> **What you are asked to do**: Read the records and gather each line that includes "with".
☆ ☆ ☆ ☆ ☆
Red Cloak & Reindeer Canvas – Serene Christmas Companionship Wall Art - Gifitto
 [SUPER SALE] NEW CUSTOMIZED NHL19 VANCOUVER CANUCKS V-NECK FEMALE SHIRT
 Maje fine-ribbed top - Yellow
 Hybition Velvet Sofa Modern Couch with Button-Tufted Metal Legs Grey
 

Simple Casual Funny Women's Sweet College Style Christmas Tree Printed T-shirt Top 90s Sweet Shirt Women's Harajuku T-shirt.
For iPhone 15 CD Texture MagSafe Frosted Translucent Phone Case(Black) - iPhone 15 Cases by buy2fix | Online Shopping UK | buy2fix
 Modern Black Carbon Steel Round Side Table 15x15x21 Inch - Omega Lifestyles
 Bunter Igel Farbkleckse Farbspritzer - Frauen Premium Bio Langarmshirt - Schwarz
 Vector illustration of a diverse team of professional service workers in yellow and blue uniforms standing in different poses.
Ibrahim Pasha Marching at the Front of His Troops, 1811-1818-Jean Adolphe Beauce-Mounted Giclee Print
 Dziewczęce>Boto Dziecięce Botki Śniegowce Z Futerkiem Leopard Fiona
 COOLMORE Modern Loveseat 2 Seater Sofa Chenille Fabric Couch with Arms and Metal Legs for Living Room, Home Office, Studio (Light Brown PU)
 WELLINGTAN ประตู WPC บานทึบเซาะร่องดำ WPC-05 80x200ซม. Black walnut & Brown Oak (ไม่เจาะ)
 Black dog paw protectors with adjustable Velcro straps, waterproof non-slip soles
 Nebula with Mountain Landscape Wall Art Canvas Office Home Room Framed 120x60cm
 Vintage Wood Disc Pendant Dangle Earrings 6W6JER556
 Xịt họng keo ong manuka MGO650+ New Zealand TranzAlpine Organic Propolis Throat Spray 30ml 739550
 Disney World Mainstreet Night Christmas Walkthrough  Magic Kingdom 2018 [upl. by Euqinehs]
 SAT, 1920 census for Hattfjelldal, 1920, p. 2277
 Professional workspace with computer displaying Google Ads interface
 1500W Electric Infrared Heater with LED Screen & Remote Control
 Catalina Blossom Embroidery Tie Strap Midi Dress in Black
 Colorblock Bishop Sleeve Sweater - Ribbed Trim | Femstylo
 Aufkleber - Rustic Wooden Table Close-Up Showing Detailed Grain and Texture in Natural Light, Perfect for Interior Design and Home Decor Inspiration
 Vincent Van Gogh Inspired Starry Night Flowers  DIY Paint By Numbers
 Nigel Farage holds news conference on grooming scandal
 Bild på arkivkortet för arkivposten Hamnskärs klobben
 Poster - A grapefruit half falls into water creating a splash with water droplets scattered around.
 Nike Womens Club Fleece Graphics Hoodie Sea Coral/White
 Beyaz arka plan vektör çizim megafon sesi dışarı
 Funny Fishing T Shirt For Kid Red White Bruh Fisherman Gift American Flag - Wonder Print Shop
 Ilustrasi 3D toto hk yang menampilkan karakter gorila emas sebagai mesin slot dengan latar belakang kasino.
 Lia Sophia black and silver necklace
☆ ☆ ☆ ☆ ☆
> **Solved exercise**:
 Hybition Velvet Sofa Modern Couch with Button-Tufted Metal Legs Grey
 COOLMORE Modern Loveseat 2 Seater Sofa Chenille Fabric Couch with Arms and Metal Legs for Living Room, Home Office, Studio (Light Brown PU)
 Black dog paw protectors with adjustable Velcro straps, waterproof non-slip soles
 Nebula with Mountain Landscape Wall Art Canvas Office Home Room Framed 120x60cm
 Professional workspace with computer displaying Google Ads interface
 1500W Electric Infrared Heater with LED Screen & Remote Control
 Poster - A grapefruit half falls into water creating a splash with water droplets scattered around.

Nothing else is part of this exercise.